[Web page caption snippets]
..........
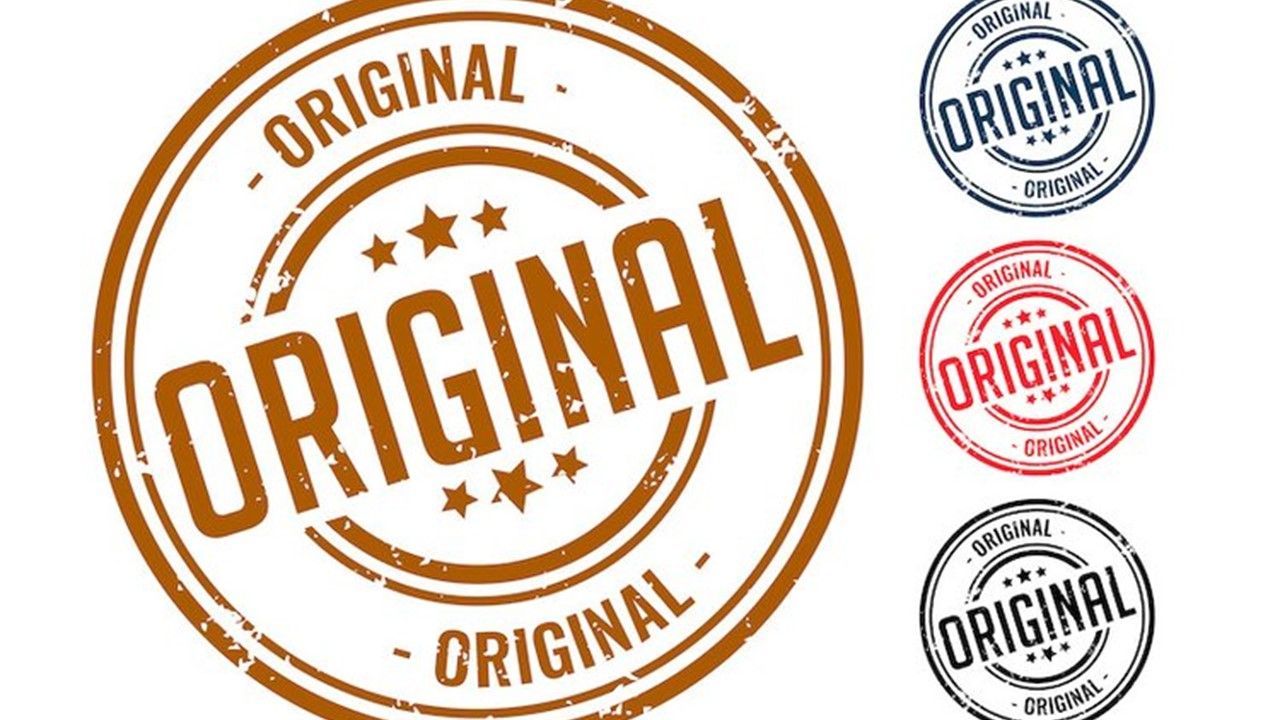 A stamp that says original on it in different colors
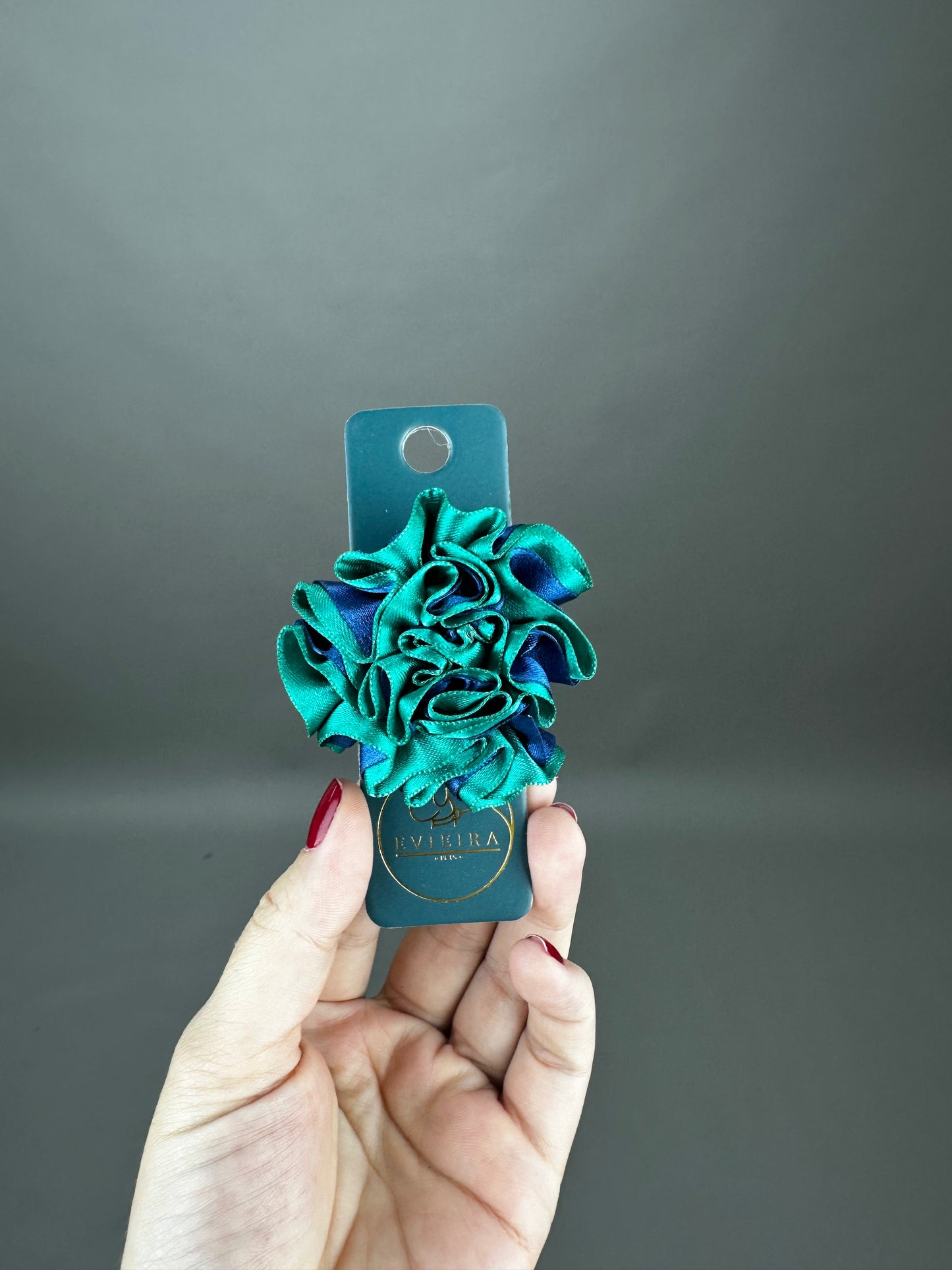 Flor pequeña aguamarina/azul oscuro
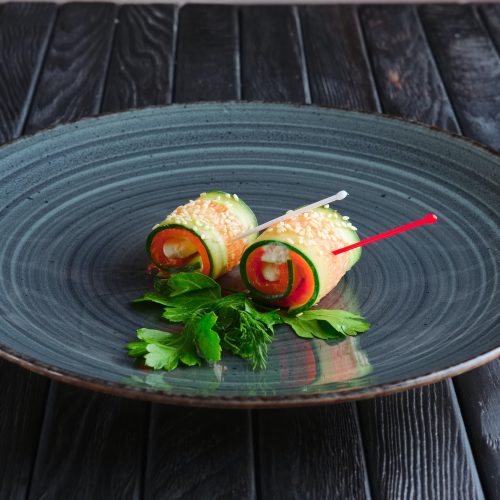 Appetizer for reception. Piece of salmon rolled in long slice of cucumber topped with sesame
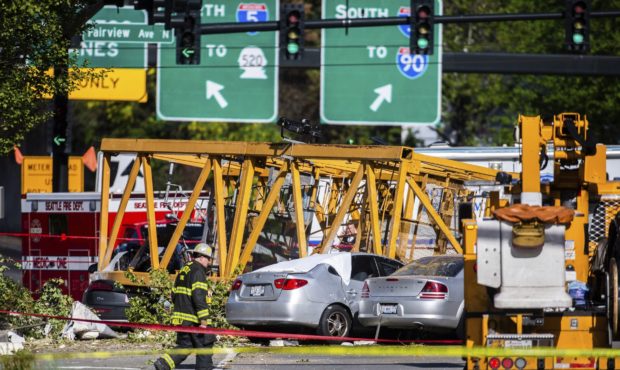 Emergency crews work the scene of a construction crane collapse near the intersection of Mercer Str...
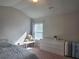 Bedroom featuring a vaulted ceiling, neutral color scheme, and an abundance of natural light at 2264 Shetley Creek Dr, Norcross, GA 30071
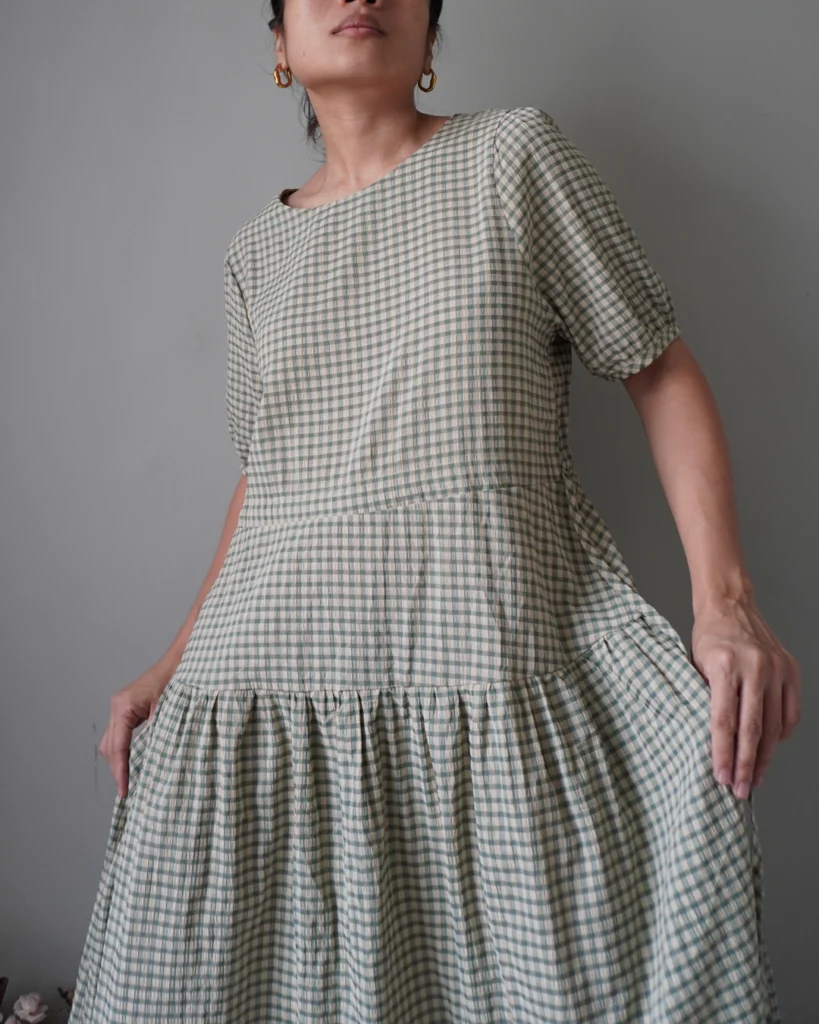 That old-school classic plaid pattern in the most subtle and quiet shade of green, drop waist, has drawstring to cinch waist area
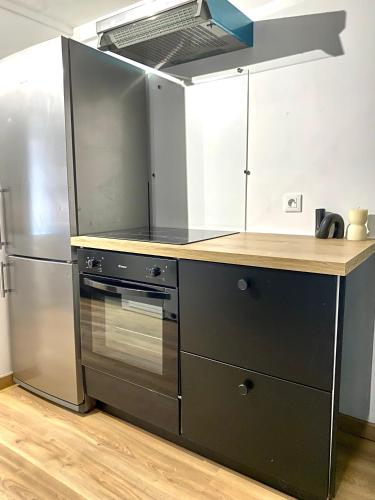 une cuisine avec une cuisinière et un réfrigérateur dans l'établissement Charmant gîte au bord de la Sarthe - 6 personnes, à Fillé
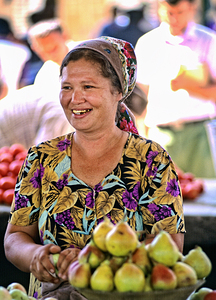 Market scene in Khiva Uzbekistan with vendor and fruits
..........
## EXERCISE BRIEF
Transcribe only this stretch of the data: the line with "Emergency crews work", the line with "That old-school classic", and every line in between. Leave out the pictures.

## EXERCISE ANSWER
 Emergency crews work the scene of a construction crane collapse near the intersection of Mercer Str...
 Bedroom featuring a vaulted ceiling, neutral color scheme, and an abundance of natural light at 2264 Shetley Creek Dr, Norcross, GA 30071
 That old-school classic plaid pattern in the most subtle and quiet shade of green, drop waist, has drawstring to cinch waist area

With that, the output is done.